Online Maps — Image Web Tilesets

Image Web Tilesets

TNTmips can convert your custom imagery, scanned maps, and displays of thematic map data into standard web tilesets, which store the data in an image format (JPEG, PNG, and TIFF) for presentation in a geomashup. Standard web tilesets are great for providing a visual representation of your map or imagery. You can create image tilesets that conform to the Google Maps tileset specification, which can be viewed in Google Maps, Open Layers, and Bing Maps, or tilesets that conform to the KML Super-Overlay structure, which can be viewed on the web in the Google Earth browser plugin or locally using the desktop Google Earth application.

Unlike geometric web tilesets, image tilesets do not incorporate any attribute information that could be used to automatically create a legend or provide mouse-click attribute information. But if you are comfortable with HTML, you can provide links in the geomashup sidebar to images or PDF files containing legends, cross-sections, and other information, as in the Skykomish River Geologic Map example below.

Click icons below map to open geomashups with:

Nebraska OrthoImagery for Multiple Years

nebraska geomashup

Orthoimagery of the state of Nebraska for the years 2003 to 2012 is shown in this geomashup. The imagery for each year is a separate web tileset, and the geomashup presents these layers in a group that allows only the currently selected layer to be visible. Using this geomashup it is easy to identify changes in land use, cropping patterns, and urban development through time. An additional overlay shows county and township-range boundaries and labels that have been rendered to an image tileset. The orthoimagery was collected by the USDA National Agricultural Imagery Program and converted to web tilesets in TNTmips.

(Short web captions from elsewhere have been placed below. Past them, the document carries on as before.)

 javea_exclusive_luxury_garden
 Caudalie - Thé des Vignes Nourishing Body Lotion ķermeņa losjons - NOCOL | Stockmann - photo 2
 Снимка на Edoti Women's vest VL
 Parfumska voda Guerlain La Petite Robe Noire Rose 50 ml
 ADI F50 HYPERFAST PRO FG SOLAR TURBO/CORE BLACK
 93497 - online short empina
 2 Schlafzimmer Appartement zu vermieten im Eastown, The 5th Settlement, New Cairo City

Pennsylvania Stream Network

paStream geomashup

Stream courses and elevation data for the entire state of Pennsylvania are depicted in this geomashup of tilesets created in TNTmips. The Color Shaded Relief layer was created from an NED30 elevation raster and a shading raster derived from this elevation raster. These layers were overlaid with partial transparency and converted to a standard web tileset using the Render to Tileset procedure in the Display process.

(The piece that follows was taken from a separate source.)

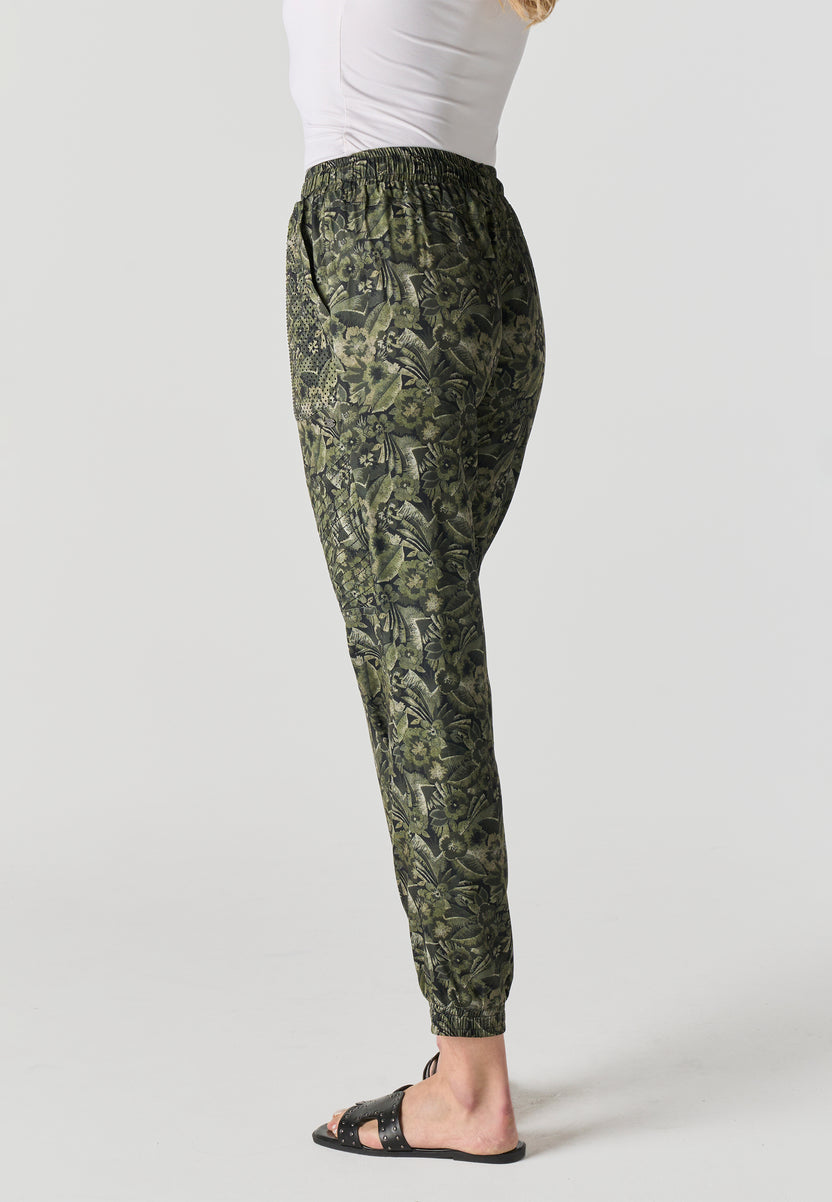 2612PT88-000014-2612PT88_000014_5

The stream tileset was produced from networked stream center lines with added stream order attributes computed in TNTmips from the NED30 elevation raster. A simplified version of the stream network was developed for each reduced-resolution zoom level in the output tileset. To do so, the stream network was pruned by stream order and by length of dangling lines, and line complexity was progressively reduced using the Vector Filters process. Each zoom level in the Streams tileset was created separately using the Render to Tileset procedure. These zoom level tilesets were then assembled into a complete Streams tileset using the interleaving capabilities in the Merge Tileset process. The Assemble Geomashup process was then used to assemble these components and produce the auxiliary HTML files used to publish this demonstration.

Skykomish River Quad Geologic Map

skykomish geomashup

These image tilesets for the Geologic Map of the Skykomish River 30 x 60 Minute Quadrangle, Washington (USA) were created in TNTmips from images derived from a PDF file published by the United States Geological Survey (Geologic Investigations Series I-1963). Adobe Photoshop was used to extract portions of the map sheet PDF as images, which were then converted to image tilesets. The map tileset is shown partially transparent to allow topographic and other features from the base map to partially show through. The geomashups displaying these tilesets (created in the Assemble Geomashup process in TNTmips) include a sidebar which includes a separate manually-created HTML file with buttons that link to PDF files showing the Map Legend, Cross Sections, and a Correlation Chart.